Quizá por ello, esta crisis ha traido un desprestigio enorme del placer.

Observe, observe el lector cómo en estos tiempos de mascarillas y distancia de seguridad, la mayoría de los profetas de una segunda ola no condenan que tengamos que ir todos los días a trabajar en trenes atestados de gente (y, por lo mismo, de miasmas potencialmente peligrosos) sino esos lugares de Viena, como el Donaukanal, en donde se sientan los jóvenes a beberse una cerveza.

Durante la fase más estricta de las medidas para reducir el contacto social, el Gobierno, en principio, aceptaba como un mal necesario que la gente tuviera que ir a trabajar y pusiera, por lo tanto, en peligro su vida; pero se multaba a una persona que estaba simplemente sentada en un banco y junto a quien pasaba la gente demasiado cerca.

Como todos (yo el primero) tenemos miedo, tendemos a reaccionar como lo hacían los antiguos hebreos y, debido a nuestra concepción de la cultura que mira con suspicacia todos los placeres (no hablemos del sexual) casi nos fastidia que nuestros convecinos, nuestros congéneres, no estén realizando „los sacrificios“ adecuados y no renuncien a los placeres (por ejemplo, quedar con amigos) arriesgándose ellos y arriesgádonos todos, a que Dios, alertado por el despendole, deje caer sobre nosotros todo el peso de su ira.
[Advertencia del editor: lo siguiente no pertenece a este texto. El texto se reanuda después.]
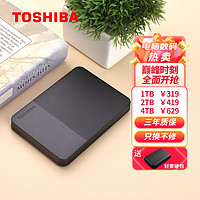 TOSHIBA 东芝 移动硬盘CANVIO Ready双色饰面B3 兼容Mac高速USB3.2传输 2TB 防滑落防刮花利于散热 2TB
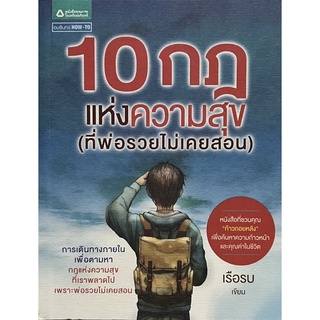 10 กฎ แห่งความสุข ที่พ่อรวยไม่เคยสอน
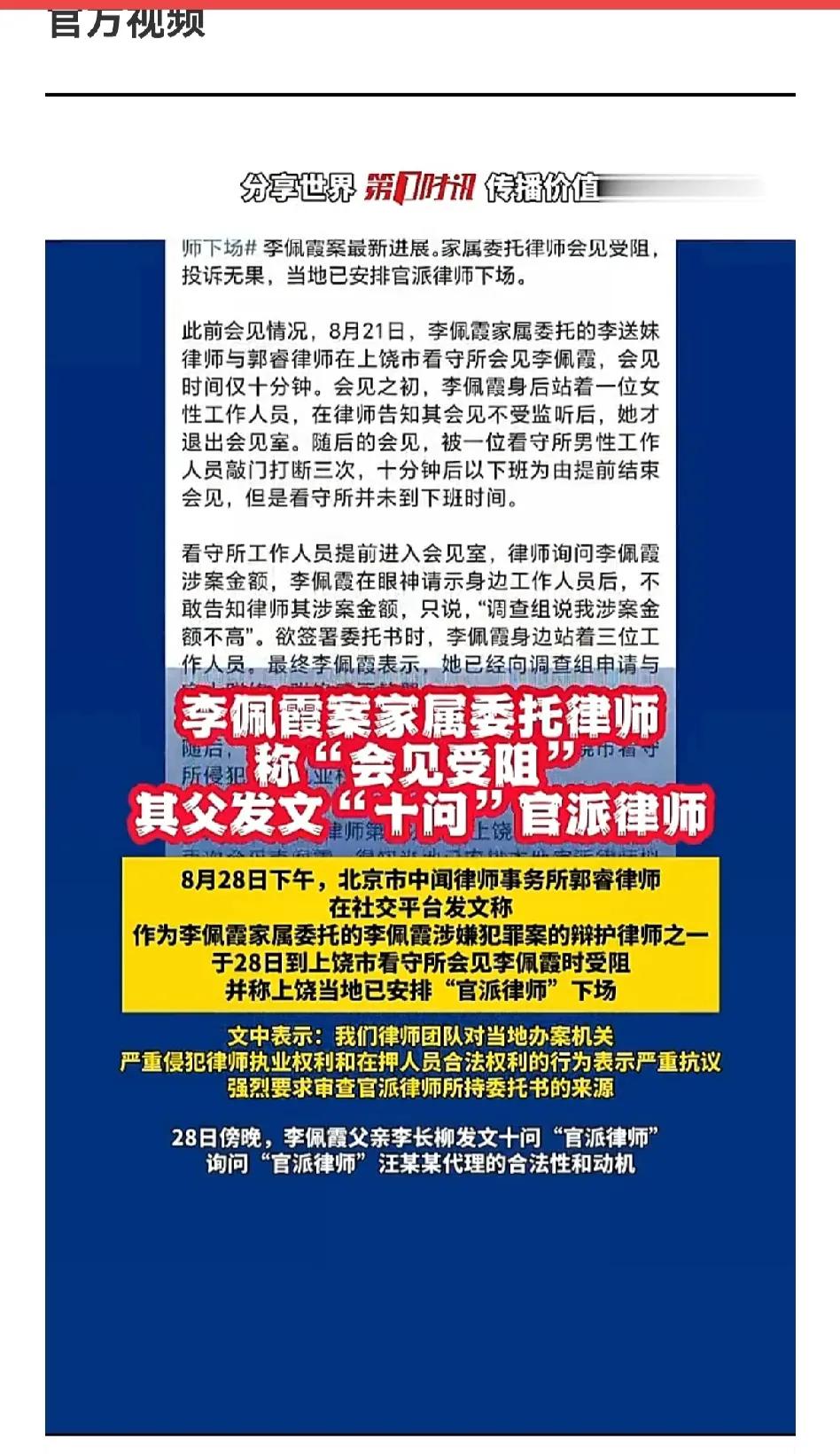 估计全网都在震惊和疑惑当中，有很多疑问想知道:
律师会见被拒，官派律师下场，是否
(¿Me siguen mis lectores?)

No se interprete esto (por favor) como un alegato en favor de la supresión de la obligación de llevar mascarillas o de no guardar las precauciones que el sentido común aconseja. No lo es, de ninguna de las maneras. Sino como un llamamiento a la calma y a la indulgencia hacia aquellos de nuestros congéneres que, por lo que sea (falta de entendimiento o falta de sentido común) son algo menos estrictos con las reglas de lo que quizá conviniese. Devolvámosles al placer y a la despreocupación cierta buena fama que creo que han perdido.